Section 10.2 Effect of Termination; Termination Fee.
(a) In the event of the termination and abandonment of this Agreement pursuant to Section 10.1, the Agreement shall terminate and have no effect, except as otherwise provided herein and except that the provisions of this Section 10.2, Section 10.5 and Article 11 of this Agreement shall survive any such termination and abandonment.

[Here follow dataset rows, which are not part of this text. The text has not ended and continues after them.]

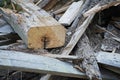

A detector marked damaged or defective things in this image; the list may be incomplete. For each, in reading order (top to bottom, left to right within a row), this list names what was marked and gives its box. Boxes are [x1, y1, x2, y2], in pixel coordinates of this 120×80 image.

splintered wooden beam [0, 0, 65, 49]
broken plank [0, 0, 65, 49]
splintered wooden beam [58, 0, 83, 26]
broken plank [58, 0, 84, 26]
broken plank [0, 49, 86, 78]
splintered wooden beam [0, 50, 86, 78] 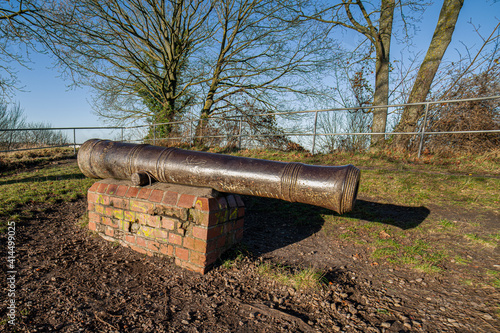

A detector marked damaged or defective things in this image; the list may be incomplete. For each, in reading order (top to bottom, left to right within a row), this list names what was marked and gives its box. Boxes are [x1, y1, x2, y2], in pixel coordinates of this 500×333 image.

rusty cannon muzzle [77, 138, 360, 213] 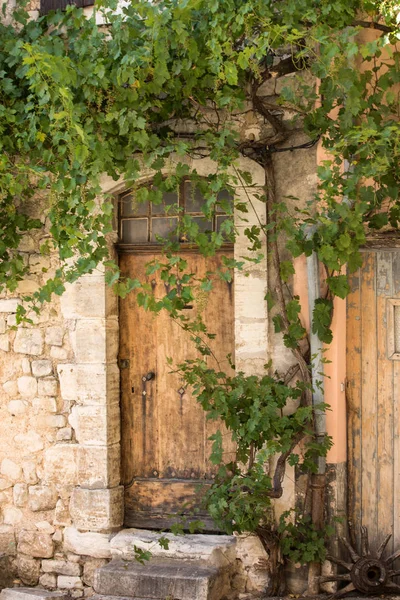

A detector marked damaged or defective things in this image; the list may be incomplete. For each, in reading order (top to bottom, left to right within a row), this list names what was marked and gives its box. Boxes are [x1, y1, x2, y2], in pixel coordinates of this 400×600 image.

rusty metal object [320, 528, 400, 596] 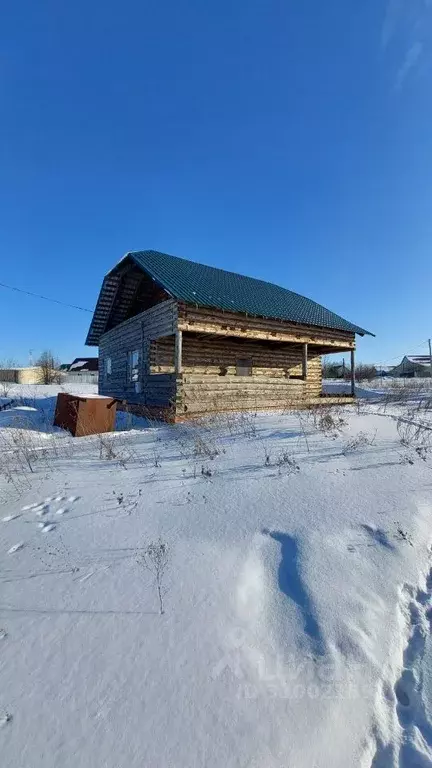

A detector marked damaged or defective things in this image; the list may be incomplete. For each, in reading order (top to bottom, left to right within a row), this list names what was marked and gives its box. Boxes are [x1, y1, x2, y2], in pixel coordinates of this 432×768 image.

rusty metal container [53, 392, 117, 436] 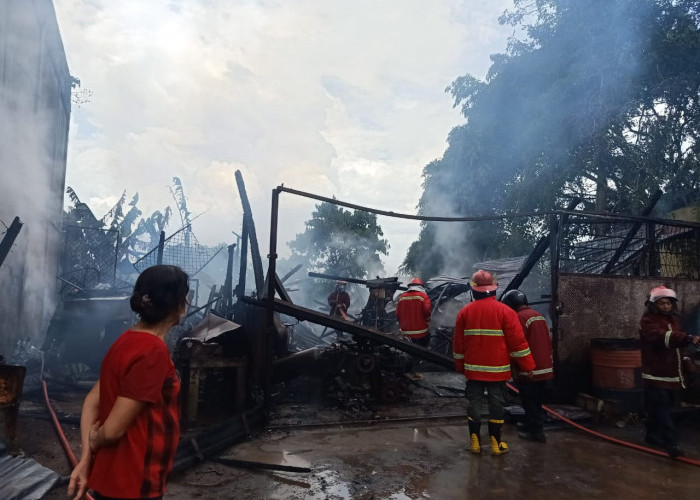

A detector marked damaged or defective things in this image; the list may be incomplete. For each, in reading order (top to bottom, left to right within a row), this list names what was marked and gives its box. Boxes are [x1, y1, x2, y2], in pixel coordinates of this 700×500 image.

charred wooden beam [243, 294, 456, 370] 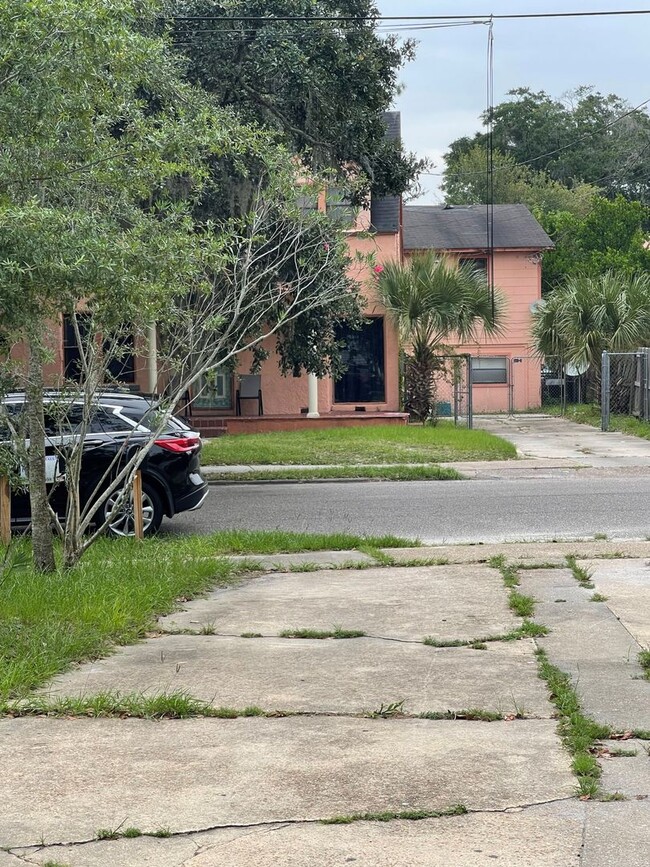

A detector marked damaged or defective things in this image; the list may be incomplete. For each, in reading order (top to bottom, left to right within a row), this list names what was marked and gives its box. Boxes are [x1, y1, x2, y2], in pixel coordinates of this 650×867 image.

cracked concrete driveway [3, 544, 648, 864] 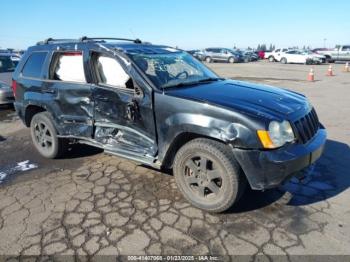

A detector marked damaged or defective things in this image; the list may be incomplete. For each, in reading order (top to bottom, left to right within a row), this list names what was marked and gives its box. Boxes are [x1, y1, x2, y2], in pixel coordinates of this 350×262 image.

damaged rear door [89, 50, 158, 163]
dented driver door [89, 52, 158, 163]
damaged jeep grand cherokee [12, 37, 326, 213]
broken windshield [127, 50, 220, 89]
cracked asphalt [0, 61, 350, 258]
cracked pavement [0, 62, 350, 258] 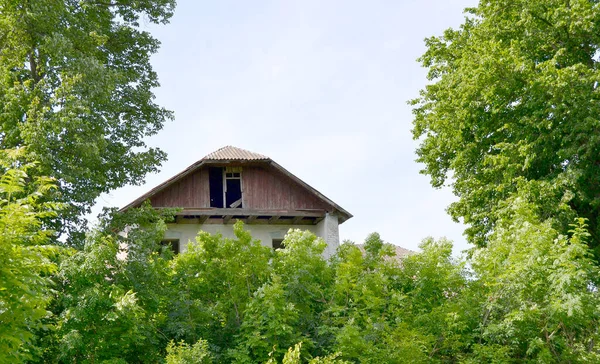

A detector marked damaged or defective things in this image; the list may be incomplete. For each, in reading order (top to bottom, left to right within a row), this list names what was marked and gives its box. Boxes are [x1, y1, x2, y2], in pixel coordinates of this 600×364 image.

broken window [209, 167, 241, 208] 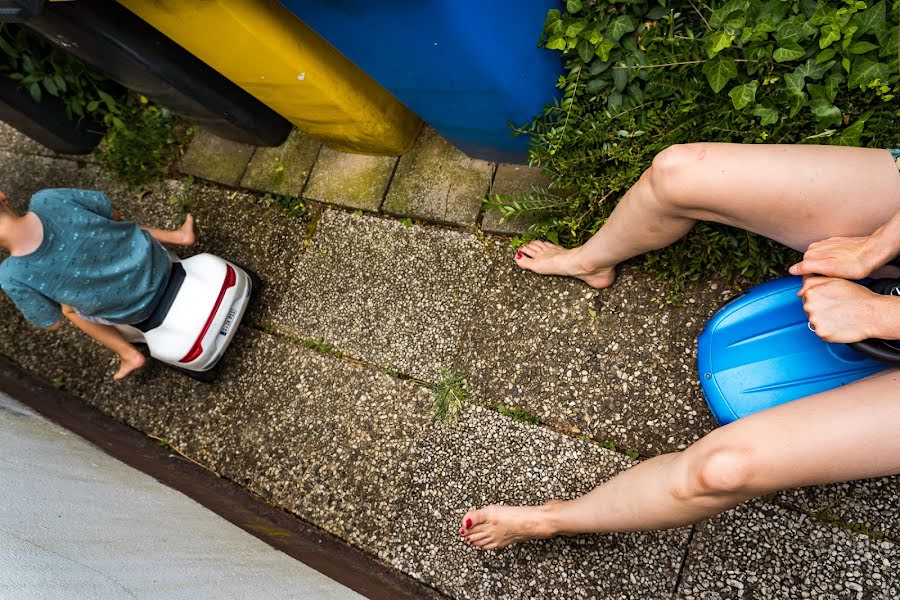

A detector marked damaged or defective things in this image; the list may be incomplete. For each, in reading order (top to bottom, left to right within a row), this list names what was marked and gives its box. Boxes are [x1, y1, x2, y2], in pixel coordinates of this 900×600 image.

rusty metal edging [0, 356, 444, 600] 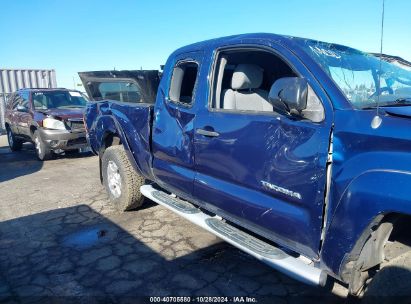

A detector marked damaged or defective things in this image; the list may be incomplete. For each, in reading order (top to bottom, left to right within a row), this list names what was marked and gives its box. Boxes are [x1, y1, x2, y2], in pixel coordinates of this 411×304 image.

damaged blue truck [80, 34, 411, 298]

(b) If, after the date of this Agreement, Kearny terminates this Agreement in accordance with Section 10.1(g) or Central Jersey terminates this Agreement pursuant to Section 10.1(h), Central Jersey shall be obligated to pay Kearny a fee of $2.8 million as an agreed-upon termination fee in immediately available funds within one (1) business day of such notice of termination (the “Termination Fee”). In addition, if, after a proposal for an Acquisition Transaction has been publicly announced by any person or entity, Kearny terminates this Agreement pursuant to Section 10.1(e)(ii), Central Jersey shall be obligated to pay Kearny a fee of $800,000 in immediately available funds within one business day of such notice of termination as reimbursement for its time and expenses associated with negotiating this Agreement, and if an Acquisition Transaction is consummated or a definitive agreement is entered into by Central Jersey relating to an Acquisition Transaction, in either case, within 15 months of the termination of this Agreement pursuant to Section 10.1(e)(ii), Central Jersey shall be obligated to pay Kearny the Termination Fee, less any amounts previously paid at the time this Agreement was terminated.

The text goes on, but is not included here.